** Opening Data for processing block **

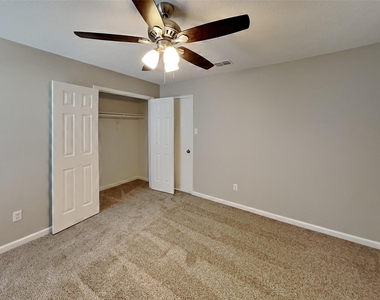 2717 Lazy Oak Drive - Photo Thumbnail 12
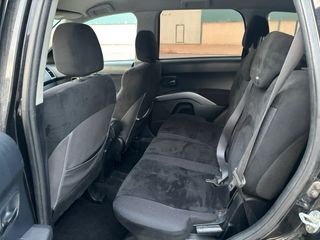 Mitsubishi Outlander 2007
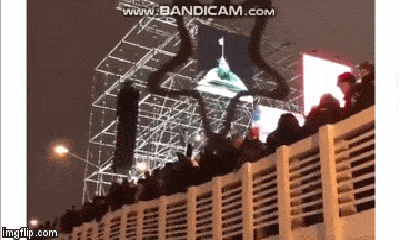 Video: Cầu tại Nga bất ngờ gãy đôi, đổ sập trong đêm đón năm mới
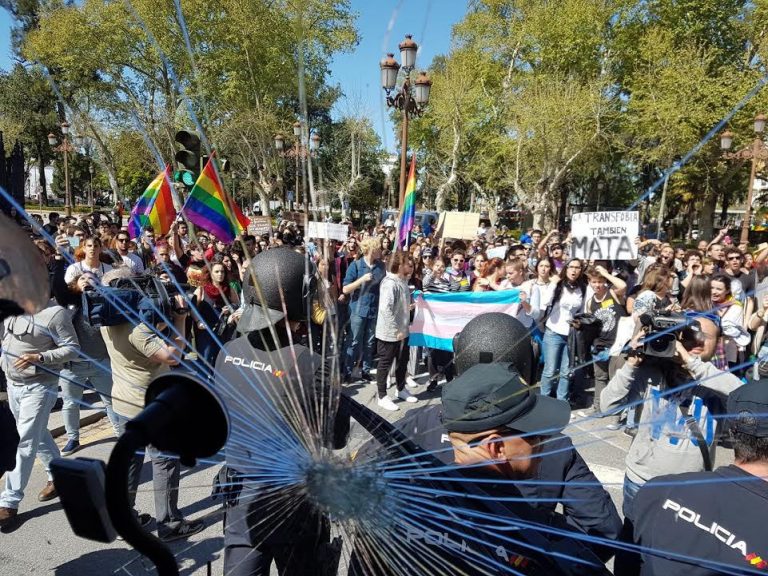 Gays, lesbianas y feministas apedrean en Sevilla al bus de fieles cristianos de Hazteoír
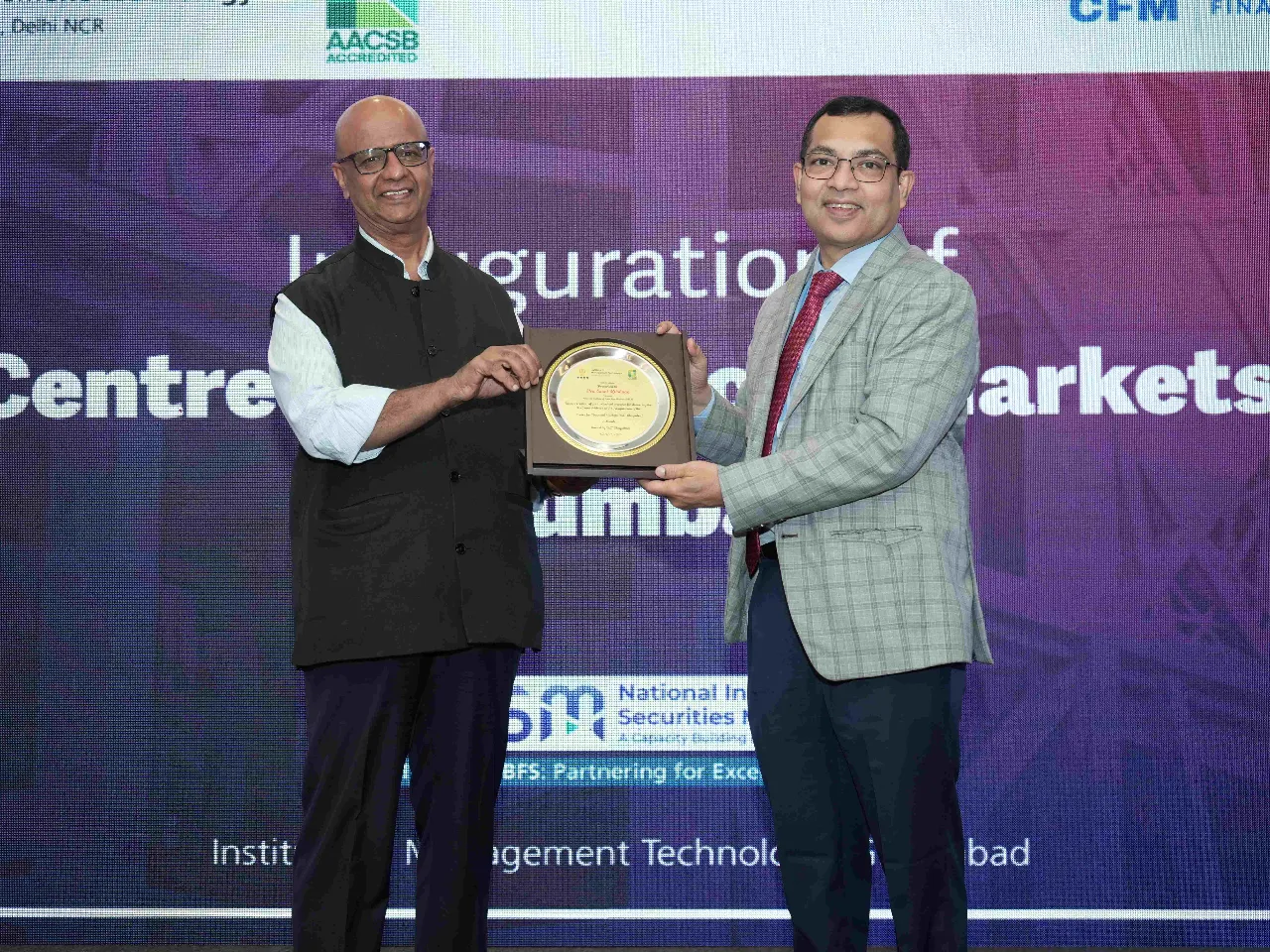 Shri Sashi Krishnan, NISM Director & Dr. Atish Chattopadhyay, Director - IMT Ghaziabad.JPG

** Closing Data for processing block **

→ Problem to work on
Please return exactly, and only, the lines from the one containing "Video: Cầu tại" through the end of the records, with both end lines kept and every picture dropped.

→ Written reply
 Video: Cầu tại Nga bất ngờ gãy đôi, đổ sập trong đêm đón năm mới
 Gays, lesbianas y feministas apedrean en Sevilla al bus de fieles cristianos de Hazteoír
 Shri Sashi Krishnan, NISM Director & Dr. Atish Chattopadhyay, Director - IMT Ghaziabad.JPG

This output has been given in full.